→ **WHAT TO DO**
When copying the listing below, skip every picture and keep each word as it stands.

→ **DATA SECTION**
::::
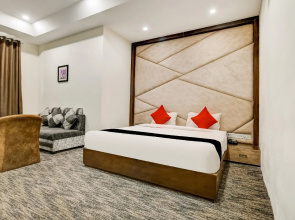 OYO 27837 Anandam Club And Resort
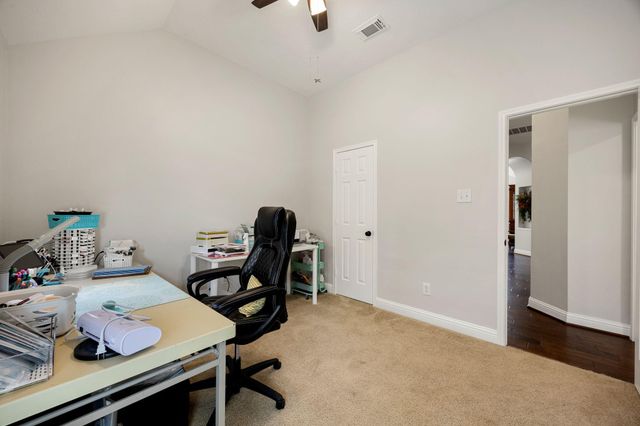 6515 Rustling Timbers Lane, Spring, TX 77379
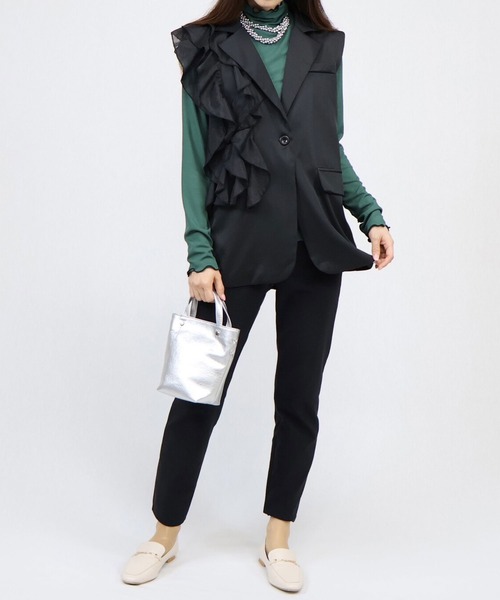 ANOTHER S（アナザーエス）の「アシンメトリーフリルジレー（スーツベスト・レディース・ブラック・FREE）」の12枚目の写真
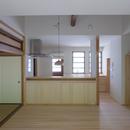 武蔵境の家　日本家屋と庭を生かした家族が集う居間の創出｜改修の写真 現場造作で設えた台所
::::
→ **ANSWER SPACE**
 OYO 27837 Anandam Club And Resort
 6515 Rustling Timbers Lane, Spring, TX 77379
 ANOTHER S（アナザーエス）の「アシンメトリーフリルジレー（スーツベスト・レディース・ブラック・FREE）」の12枚目の写真
 武蔵境の家　日本家屋と庭を生かした家族が集う居間の創出｜改修の写真 現場造作で設えた台所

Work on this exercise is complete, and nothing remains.